Pre-RFC: Thread Affinity


#1

I am building an asynchronous networking library in Rust for an upcoming component of our product and I need to be able to lock N threads to N CPU cores to schedule fibers onto them. It would be ideal if it was part of the std. I haven’t made my mind up if it should be a separate struct as proposed below or should be a trait and implemented for std::thread::Thread.

  • Feature Name: thread_affinity
  • Start Date: 2016-01-26
  • RFC PR:
  • Rust Issue:

Summary

Thread affinity provides functionality to lock/unlock a specific thread to a specified CPU core. The locked threads are then not scheduled so they do not ever move to other cores by the OS scheduler. I believe it useful for a systems programmer to have the ability to set/unset set thread affinity for Rust threads.

Motivation

My motivation derives from a personal use-case of creating a fiber-based server/client application framework for Rust in my spare time. I need the ability to set thread affinity of Rust threads in an OS-independent manner to CPU cores to minimize cache misses and thread context switching.

The proposed feature provides a performance optimization for servers.
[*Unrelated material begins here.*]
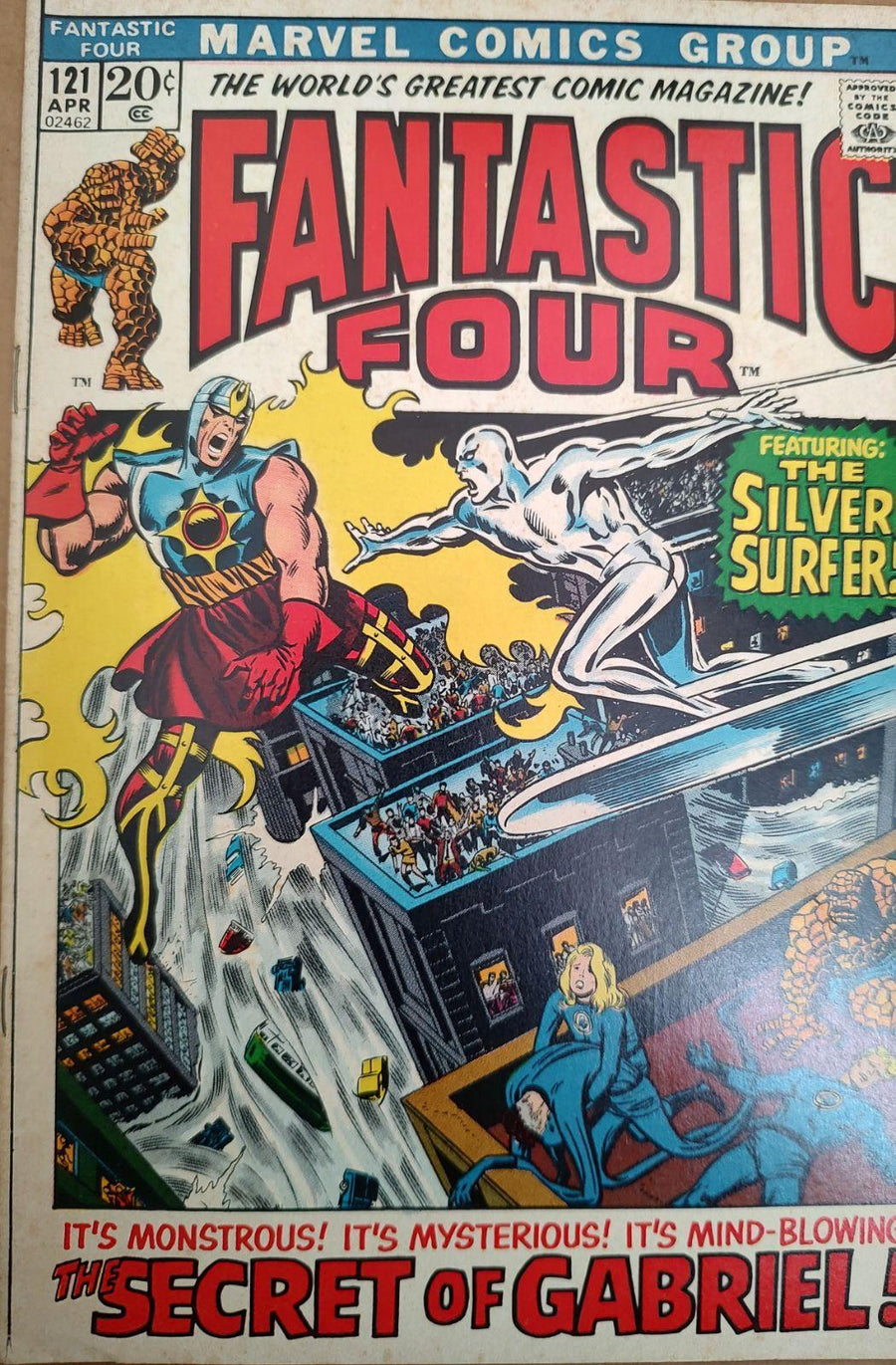 Fantastic Four #121 Comic Book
It would also be useful for MIO and similar frameworks where the main event-loop is locked to one core and passes connections to workers that are also locked to the remaining cores so it takes advantage of cache-locality.

Thread context switching is quite cheap but it causes a butterfly effect where 1 thread switch causes the other N-1 to switch so its ends up being expensive when there’s 8 or more cores.

Detailed design

I strongly encourage others to improve my RFC since I am not a Rust expert and only serves to start a dialog on a proposed API.
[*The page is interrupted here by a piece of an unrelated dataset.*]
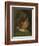 Head of a Peasant Woman: Right Profile, 1884-Vincent van Gogh-Framed Giclee Print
I split it into two parts: User API and Implementation.

Locking to an arbitrary free CPU core

let t = thread::spawn(move || {
    let cpu_lock = CpuLock::lock().unwrap(); // the current thread is now locked to an arbitrary free CPU core
    let cpu_id = cpu_lock.cpu_id();
    // thread logic goes here
    // the cpu_lock will unlock from the core once out of scope
});

Here’s the equivalent but with some syntatical sugar to hide the lock if the user doesn’t care to access it:

let t = thread::lock(move || {
    // thread logic goes here
    // the cpu_lock will unlock from the CPU core once out of scope
});

The user may want more fine grained control of which core it should be locked to.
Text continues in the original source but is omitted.